Supplied data ▸
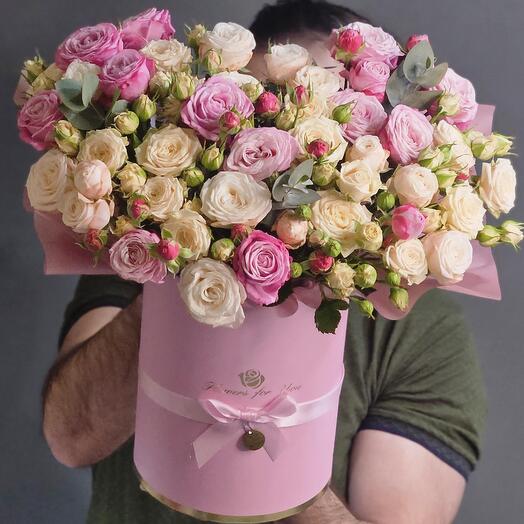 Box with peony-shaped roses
==
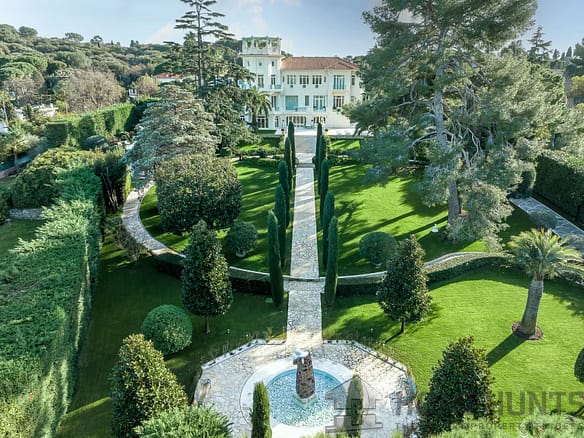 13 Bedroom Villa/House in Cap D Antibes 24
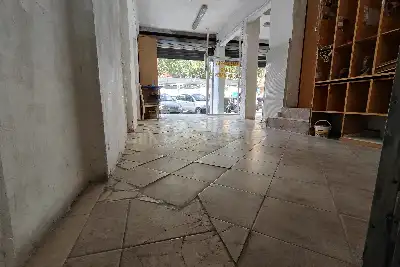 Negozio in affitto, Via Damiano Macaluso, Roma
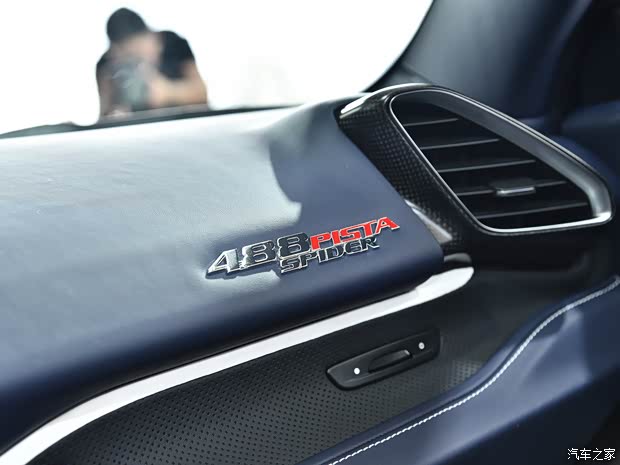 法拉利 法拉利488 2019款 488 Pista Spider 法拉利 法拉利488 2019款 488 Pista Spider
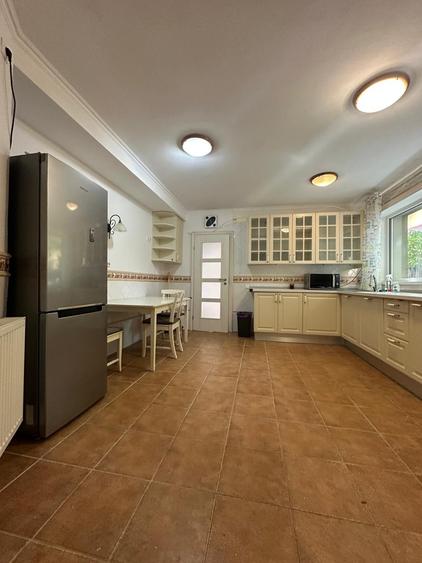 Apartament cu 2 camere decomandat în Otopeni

Problem statement ▸
What's needed is an exact copy of the lines above from the one with "法拉利 法拉利488 2019款 488 Pista Spider 法拉利" through the one with "Apartament cu 2 camere decomandat în Otopeni", both included; the pictures stay out.

Answer for the task ▸
 法拉利 法拉利488 2019款 488 Pista Spider 法拉利 法拉利488 2019款 488 Pista Spider
 Apartament cu 2 camere decomandat în Otopeni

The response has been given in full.